The downside of using kfunc for this is that the compiler will assume
that R1-R5 have to be spilled/filled, because that's function call
convention in BPF.
If this was an instruction, though, it would be much more efficient
and would avoid this problem. But I see how something like ffs64 is
useful. I think it would be good to also have popcnt instruction and a
few other fast bit manipulation operations as well.

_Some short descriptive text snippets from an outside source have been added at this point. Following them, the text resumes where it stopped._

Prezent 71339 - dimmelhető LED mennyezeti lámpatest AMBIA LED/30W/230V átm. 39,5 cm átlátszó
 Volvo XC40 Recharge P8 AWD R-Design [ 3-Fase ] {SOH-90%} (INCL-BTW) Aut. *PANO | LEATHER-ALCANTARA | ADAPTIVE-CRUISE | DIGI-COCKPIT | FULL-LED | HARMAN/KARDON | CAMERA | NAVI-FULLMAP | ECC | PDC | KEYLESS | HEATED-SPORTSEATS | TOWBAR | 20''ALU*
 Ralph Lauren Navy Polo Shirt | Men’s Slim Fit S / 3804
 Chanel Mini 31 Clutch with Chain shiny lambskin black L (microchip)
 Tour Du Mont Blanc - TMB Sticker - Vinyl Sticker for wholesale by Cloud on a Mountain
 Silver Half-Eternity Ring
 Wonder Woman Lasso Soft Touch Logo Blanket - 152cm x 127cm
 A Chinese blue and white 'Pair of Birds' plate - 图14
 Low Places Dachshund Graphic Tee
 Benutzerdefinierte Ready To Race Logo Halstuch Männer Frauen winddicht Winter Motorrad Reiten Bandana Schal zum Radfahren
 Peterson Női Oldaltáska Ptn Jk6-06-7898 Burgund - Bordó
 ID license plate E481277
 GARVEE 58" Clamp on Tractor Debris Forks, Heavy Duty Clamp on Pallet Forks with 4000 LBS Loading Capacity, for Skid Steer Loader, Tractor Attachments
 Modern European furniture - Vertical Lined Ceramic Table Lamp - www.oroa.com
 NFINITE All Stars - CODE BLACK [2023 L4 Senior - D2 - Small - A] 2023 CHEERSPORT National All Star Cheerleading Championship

Perhaps we should think about another BPF ISA extension to add fast
bit manipulation instructions?
Sounds a good idea to start the conversion. Besides popcnt, lzcnt
is also a candidate. From llvm perspective, it would be hard to
generate ffs64/popcnt/lzcnt etc. from source generic implementation.
I'm curious why? I assumed that if a user used __builtin_popcount()
Clang could just generate BPF's popcnt instruction (assuming the right
BPF cpu version is enabled, of course).
Not aware of __builtin_popcount(). Yes, BPF backend should be able easily
converts __builtin_popcount() to a BPF insn.
So most likely, inline asm will be used. libbpf could define
some macros to make adoption easier. Verifier and JIT will do
proper thing, either using corresponding arch insns directly or
verifier will rewrite so JIT won't be aware of these insns.
[...]